Devenir un standard sur les App Store Android

Les chercheurs espèrent convaincre les boutiques d'applications en ligne, comme le Play Store de Google, de créer une base de données contenant les caractéristiques de performance standard de toutes leurs applications. Ils pourraient utiliser PREC pour faire ces évaluations. Ensuite, quand un utilisateur téléchargera une nouvelle application, son terminal Android pourra également télécharger le profil d'exécution PREC pour l'application concernée. Il pourra ensuite se baser sur ce profil pour surveiller toute activité inhabituelle provenant de l'application. Si les opérateurs de boutiques d'applications en ligne comme Apple ou Google passent déjà au crible leurs applications avant de les proposer dans leurs « stores », « les programmeurs de logiciels malveillants ont aussi appris à cacher leur code dans une application et de faire en sorte qu'il reste muet tant que le programme n'est pas téléchargé », a expliqué Helen Gu.

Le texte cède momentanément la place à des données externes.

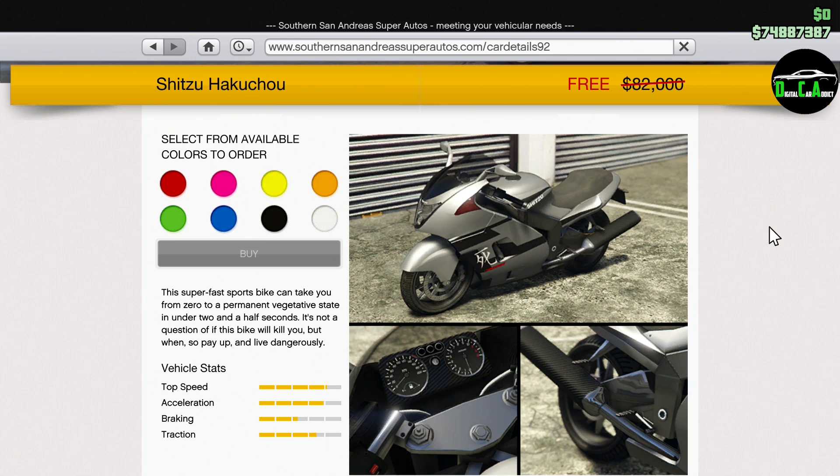We also have 100% off the normal Hakuchu. This bike is actually pretty good in the motorcycles class — it has one of the best top speeds while wheeling. The BF400 has the highest top speed while wheeling, but the Hakuchu is still really good. The handling on the Hakuchu is where it really lacks, as it takes a while to change direction and the steering response is not that great. But again, a free motorcycle — can't complain too much.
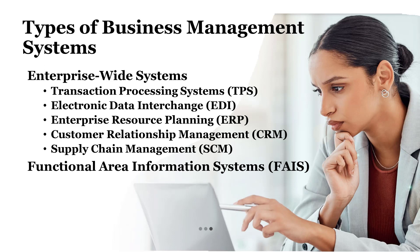Supply chain management, or SCM, systems optimize the flow of goods and services from raw materials to finished products, enhancing collaboration with suppliers, minimizing costs, and improving delivery performance. Functional area information systems, or FAIS, are systems specific to a given functional area within the organization — tailored systems for accounting, marketing, or human resources that have been built separately from one another.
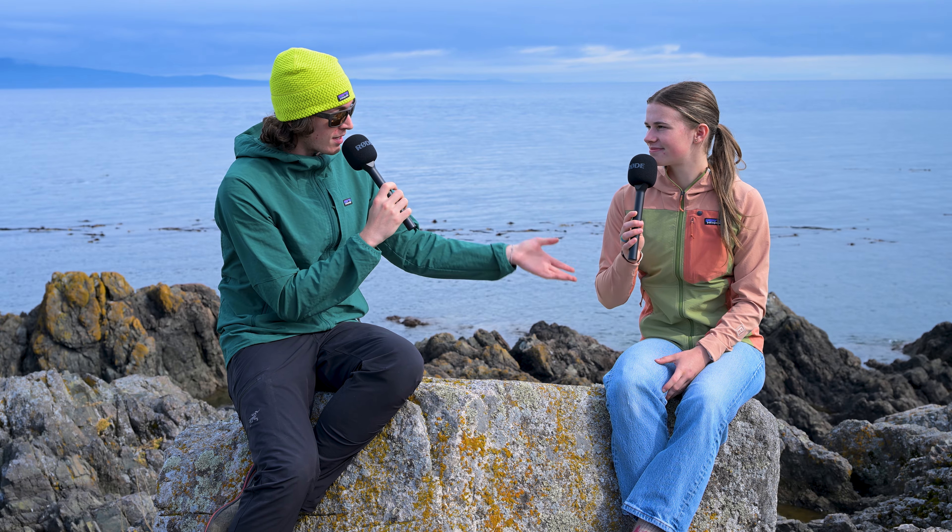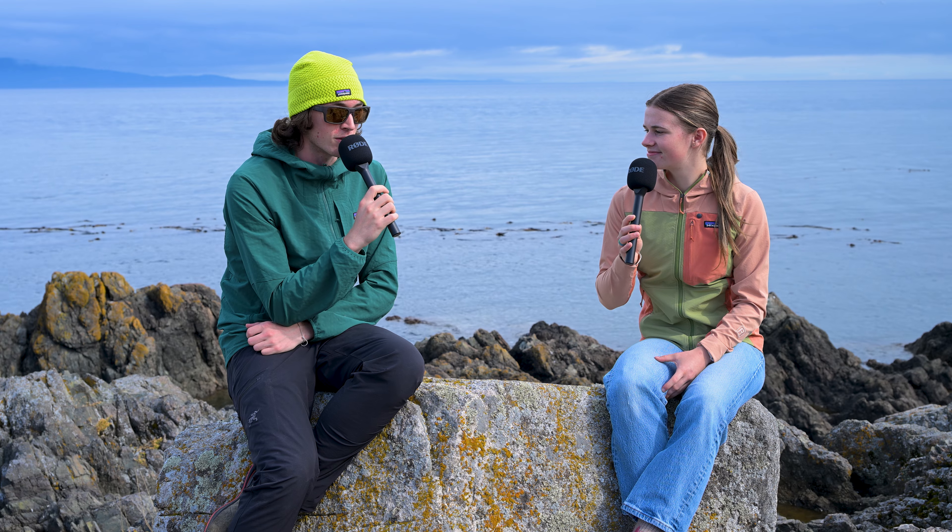We're wearing basically the same products — I have the R1 Tech Face and she has the R1 Cross Strata Hoodie. They're really kind of the same type of products; they're both soft shell fleeces that Patagonia makes. The only difference is that one's made in a women's style and one's made in the men's style, which is kind of a weird thing from Patagonia.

Les chercheurs ont préféré s'attaquer à Android plutôt qu'à iOS d'Apple parce que le noyau Android, basé sur Linux, est Open Source, alors qu'Apple protège son noyau iOS. PREC a été conçu comme un module compilable dans le noyau. Ce n'est pas le seul détecteur de logiciels malveillants Android basé sur la détection d'anomalies. Crowdroid utilise un modèle de crowdsourcing pour déterminer le comportement d'une routine, et Paranoid Android fait exécuter une partie des fonctions de détection sur des serveurs. Selon les chercheurs de NCSU, ces deux détecteurs demandent au terminal moble beaucoup plus de puissance de traitement que PREC. Habituellement, il mobilise environ 3 % de la puissance de traitement du système, contre 15 à 30 % pour Crowdroid et Android. La recherche menée par le NCSU a été financée par IBM, Google, la US National Science Foundation et l'armée américaine.